Citrulline is a nonessential amino acid and is not usually a constituent of proteins. It was called citrulline as it was first isolated from watermelon. Citrullus is the Latin word for watermelon. Citrulline is a naturally occurring substance made in the body as a part of urea cycle, which mainly takes place in the liver and kidneys. It is especially found in the blood, hair and skin.
Citrulline is made in the body either from the amino acid ornitine by adding carbon dioxide or directly from the amino acid arginine catalyzed by nitric oxide synthase (NOS). The inter-conversion of citrulline and arginine generates a molecule named nitric oxide (NO). In a nutshell, the functions of citrulline are: a) to elevate the production of nitric oxide in the body, which is a potent vasodilator and enhances blood flow, b) to promote the removal of ammonia from the body, and c) to boost the immune system.
As a nitric oxide precursor, citrulline may benefit athletes through the followings:
1) Enhances blood flow to the exercising muscles.
2) Augments ATP production.
3) Delays fatigue and exhaustion by increasing reabsorption of lactic acid.
4) Helps with exercise-induced muscle growth.
5) Aids with post-exercise recovery.
The following medical conditions may benefit from citrulline:
6) Compromised immune system.
Dosage and Side Effects:
Citrulline is available as pill or powder in the form of citrulline malate. Most formulations contain citrulline and malate with the ratio of 2:1 for better function. It may be mixed with other amino acids especially arginine. Citrulline is a component of many pre-exercise products.
Citrulline malate can be used before, during and after exercise. The daily dose varies from 2 to 10 grams. Citrulline is considered safe and no side effects have been reported.
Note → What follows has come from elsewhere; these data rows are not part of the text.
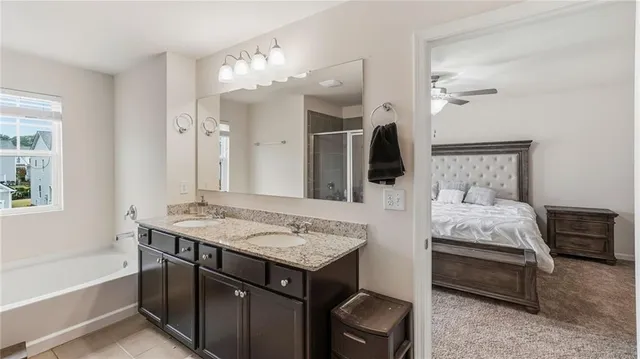 a en suite bathroom with a granite countertop sink and a mirror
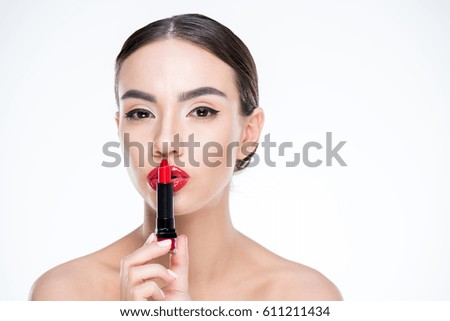 portrait of woman showing silence sign with lipstick isolated on white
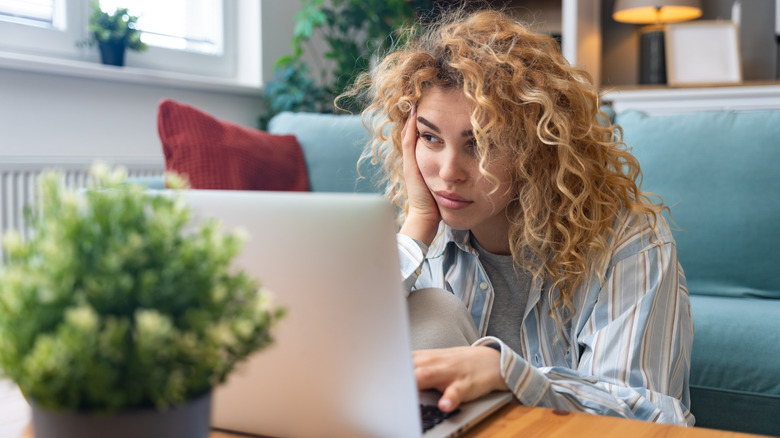 A person at home struggling to understand something on a laptop.
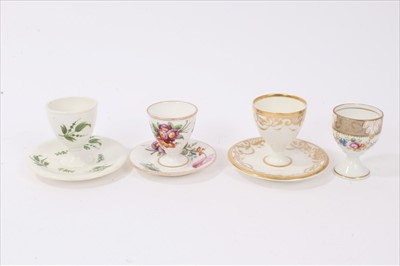 Lot 25 - Four early 19th century English porcelain egg cups, various floral and gilt patterns, one marked for Derby and the other three unmarked but probably Coalport (4)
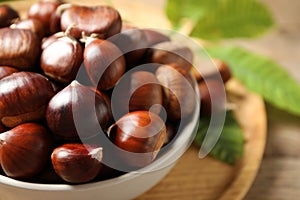 Fresh sweet edible chestnuts in bowl on table, closeup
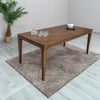 Perspective lifestyle shot featuring the table paired with contemporary chairs for a family seating arrangement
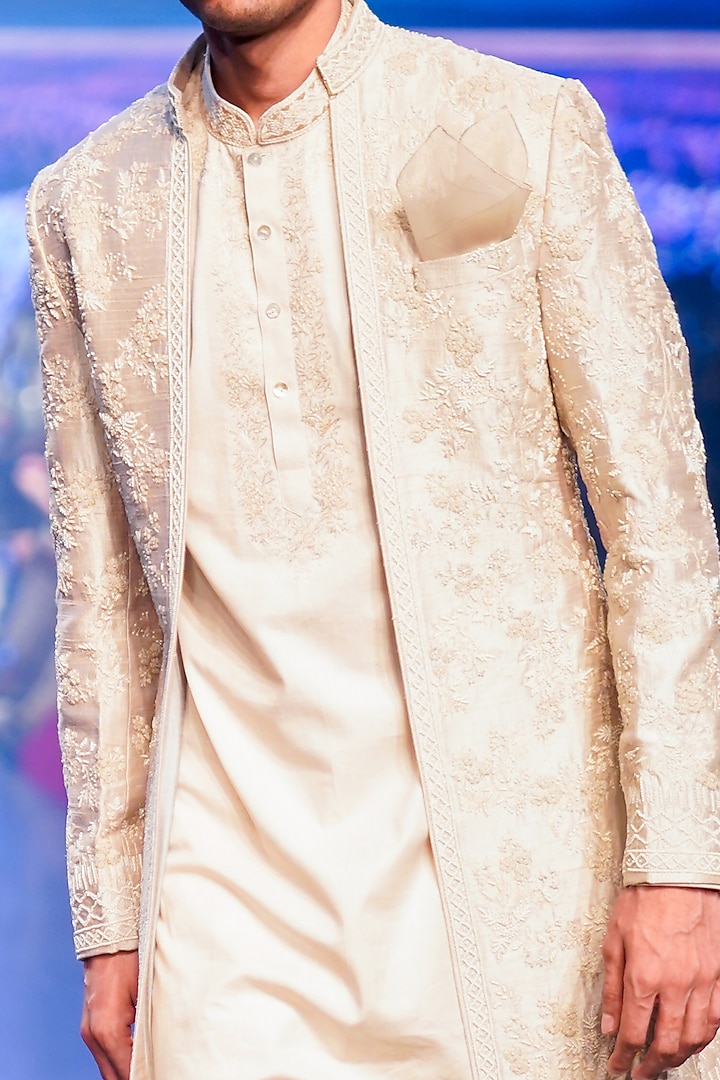 Ivory Raw Silk Groom Indowestern Set by Anushree Reddy Men at Pernia's Pop Up Shop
There is a medical condition called "citrullinemia". It is a genetic metabolic disorder in which the blood levels of citrulline, arginine and ammonia are elevated in the blood. It is a rare condition with citrullinemia type II being mostly common in Japan. People with citrullinemia are at greater risk to develop liver cancer.
There is no correlation between citrulline supplementation and liver cancer in healthy individuals.
Citrulline may have the following interactions:
1) Viagra and Cialis: citrulline may increase their effectiveness, causing blood pressure to drop significantly.
2) Nitrate medications: citrulline may increase their effectiveness, causing blood pressure to drop significantly.